Während unserer sehr geschützten dreiwöchigen Reise führte ich viele Gespräche mit einem unserer Touristenführer. Seine Geschichte aus seiner Zeit als Ranger hat mich tief bewegt. Er erzählte, wie er eines Tages drei Spitzmaulnashörner tot auffand, deren Hörner von Wilderern für den illegalen Handel abgesägt worden waren. Es handelte sich um Tiere, die er praktisch großgezogen hatte. Dieses eine Erlebnis veränderte sein Leben. Nur eine Woche später verließ er seinen Job als Ranger und wurde stattdessen Touristenführer. Er erklärte mir, warum: So schmerzhaft es war, drei Individuen zu verlieren, es würde das Schicksal der Art nicht verändern, die Tiere als Ranger zu schützen. Doch Tausende Menschen zu erreichen, ihnen die Faszination und Schönheit der Tier- und Pflanzenwelt nahezubringen und sie den Wert des Naturschutzes verstehen zu lassen, das könne einen viel größeren Unterschied machen.

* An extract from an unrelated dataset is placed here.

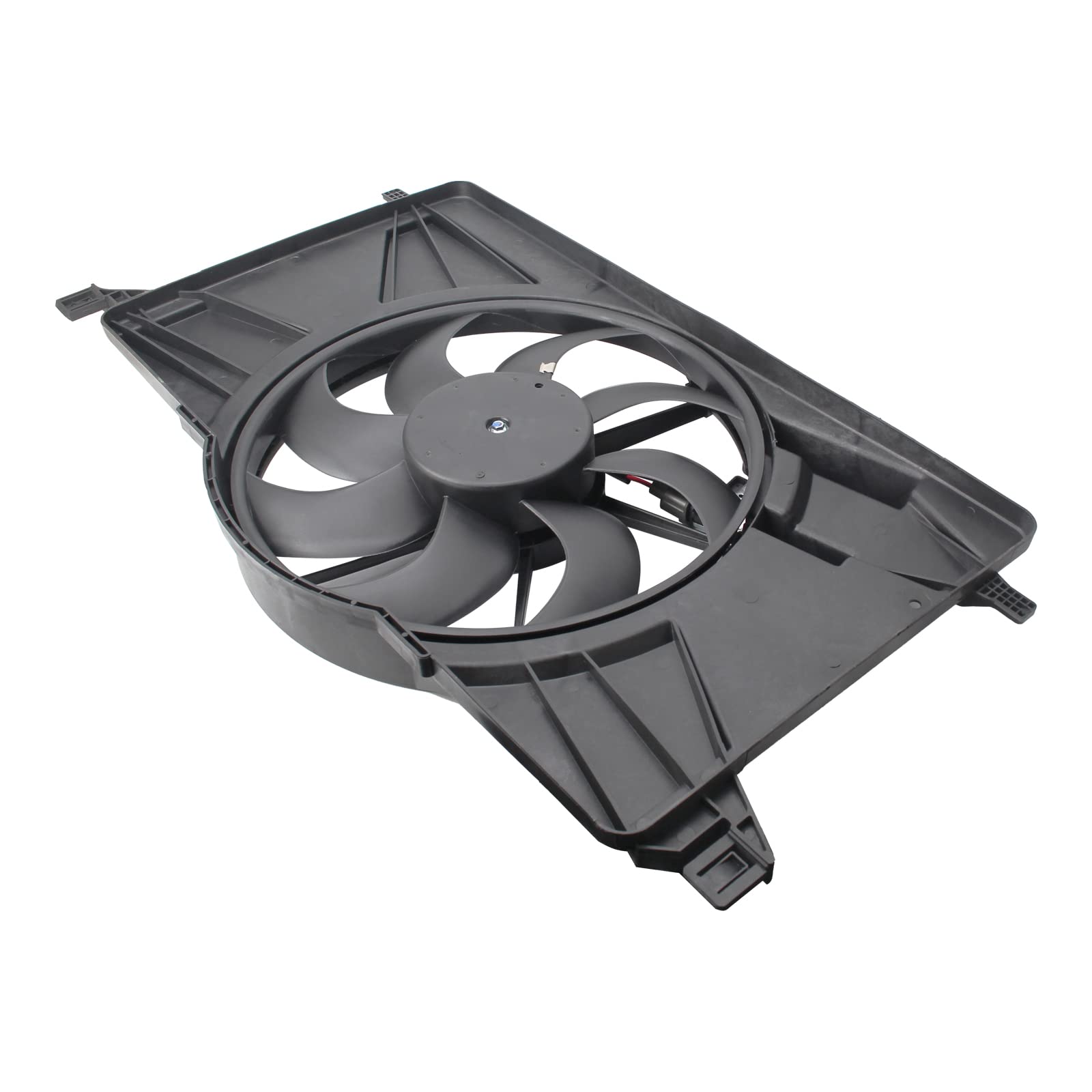 AUTOKAY Engine Cooling Fan Assembly with Module - Replacement for Ford Focus 2012-2018, Fits CV6Z 8C607 & FO3115189 - Radiator & Condenser Cooling Fan for Improved Engine Performance & Temperature Control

Diese Geschichte hat bei mir einen bleibenden Eindruck hinterlassen und ich erkannte Parallelen zu unserer wichtigen Arbeit im Zoo. Auch bei uns geht es darum, die Sichtweise von Menschen zu verändern, ihnen die Augen zu öffnen für den negativen aber auch positiven Einfluss, den wir Menschen auf die Natur haben, um zu zeigen, warum intakte Ökosysteme wichtig sind. Das ist es, was unsere tägliche Arbeit antreibt.
Gleichzeitig wurde mir klar, was für ein großes Privileg es ist, nach Afrika zu reisen und die Tiere in ihrer natürlichen Umgebung zu erleben. Eine Reise buchen zu können, um Tiere in ihrem angestammten Lebensraum zu sehen, ist keine Selbstverständlichkeit. Doch auch Menschen, die nicht auf Safari gehen können, sollen lernen können, wie wichtig funktionierende Ökosysteme sind. Für sie spielen Zoos eine entscheidende Rolle. Unser Ziel ist es, Besucherinnen und Besucher zu bewegen, auch wenn es nur ein kleines Stück ist, damit sie nach Hause gehen mit dem Wunsch, in ihrem Alltag etwas zu verändern. Ob es eine große oder eine kleine Veränderung ist, spielt keine Rolle. Wichtig ist, dass sie den Drang verspüren zu handeln und sich selbst im Rahmen ihrer Möglichkeiten für den Natur-, Arten- und Klimaschutz einsetzen.
Natürlich blieb auch bei mir nach meiner Reise das Gefühl zurück, dass es nie genug ist. Angesichts der globalen Bedrohungen wie den Klimawandel, der Wilderei oder des Habitatverlusts, kann man sich klein und machtlos fühlen. Doch gerade dann erinnern Begegnungen mit Menschen, Tieren und der Natur, dass Aufgeben keine Option ist. Menschen sind verantwortlich für das globale Artensterben und somit auch verantwortlich für das Schützen der noch verbliebenen Arten und das Kämpfen für die Natur. Hoffnung entsteht, wenn wir Wissen teilen, Begeisterung wecken und Samen säen, die in der Zukunft Früchte tragen.
So verband sich mein Erlebnis einer Reise in den Süden Afrikas mit der Arbeit im Zoo auf besondere Weise: Die Wildnis zeigt, was es zu bewahren gibt. Der Zoo zeigt, wie das Bewahren gelingen kann und dass jeder Mensch Teil dieser Verantwortung ist.